# Vegan boots, Bristol



## FifthFromFront (Nov 14, 2005)

Ok I'm sure some twat is instantly gonna do a joke about eating boots or summat  but anyway...

Anyone know where I can get vegan footwear in Bristol? Not from Bristol will be popping down from Gloucester - so somewhere easy to find from Temple Meads would be good.

Cheers
FFF


----------



## gentlegreen (Nov 14, 2005)

FifthFromFront said:
			
		

> Ok I'm sure some twat is instantly gonna do a joke about eating boots or summat  but anyway...
> 
> Anyone know where I can get vegan footwear in Bristol? Not from Bristol will be popping down from Gloucester - so somewhere easy to find from Temple Meads would be good.
> 
> ...


I will be following this thread with interest as I tried for years to wear vegan footwear but having size 13 feet I have trouble enough getting non-vegan footwear.

Bog standard Doc Marten's are easy enough to find online ....


----------



## snadge (Nov 14, 2005)

try some banana skins, they work a treat.

failing that some pink wellies


----------



## madzone (Nov 14, 2005)

I can't help with the boots but I'll be able to sell you some vegan socks in the new year


----------



## DaveCinzano (Nov 14, 2005)

dunno, but yaoh publishes the annual 'vegan guide to bristol', they might be able to help - call 0117 923 9053


----------



## kalidarkone (Nov 14, 2005)

Red3k recently got some vegan footware from here:http://www.pennangalan.co.uk/boots/Newrock.php


----------



## veganbristol (Nov 15, 2005)

fff said:
			
		

> Not from Bristol will be popping down from Gloucester


Sorry, I don't know where to find vegan boots in Bristol, there must be a few places.

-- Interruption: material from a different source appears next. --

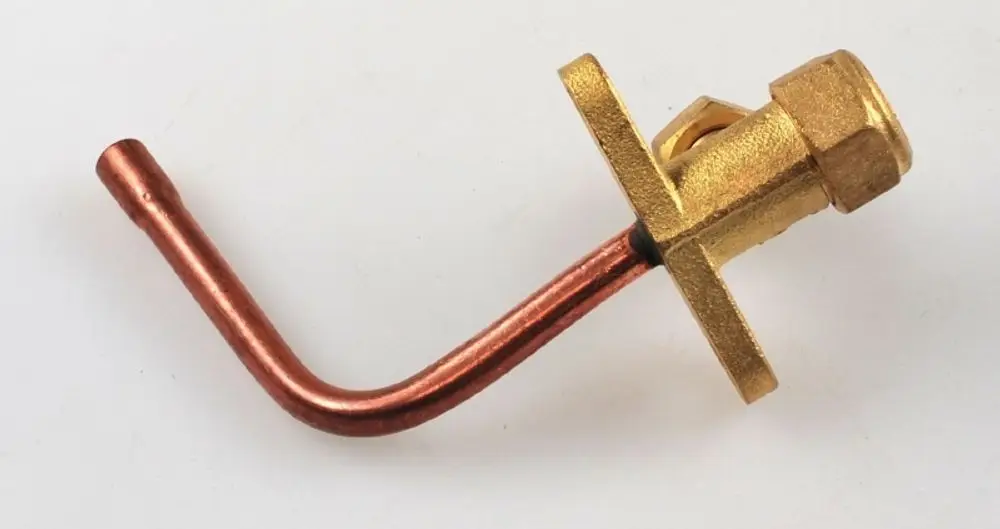 Remko-Absperrventil mit einer kupfernen Einspritzleitung. Das Ventil hat eine goldene, rechteckige Basis und eine gebogene Kupferleitung.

Check out Vegan Bristol for places to eat n drink etc whilst in town. I'm not Yaoh by the way.


----------



## FifthFromFront (Nov 16, 2005)

cheers all for the replies. I guess it's back to shopping on the net then - hate that though cos I prefer to have a wander with em on before buying. Ahhh well

Thanks again though,

FFF


----------



## zed66 (Nov 16, 2005)

If you are after hiking/military style boots you could do far worse than check out Altberg. Had some motorbike boots made up (admittedly in leather) and the quality is A1. They use Lorica and Cordura as leather substitutes and will hand make/customise boots to your specification. Handmade in Yorkshire, they're not the cheapest but have an excellent rep for after sales service, resoling etc.

http://www.altberg.co.uk/


----------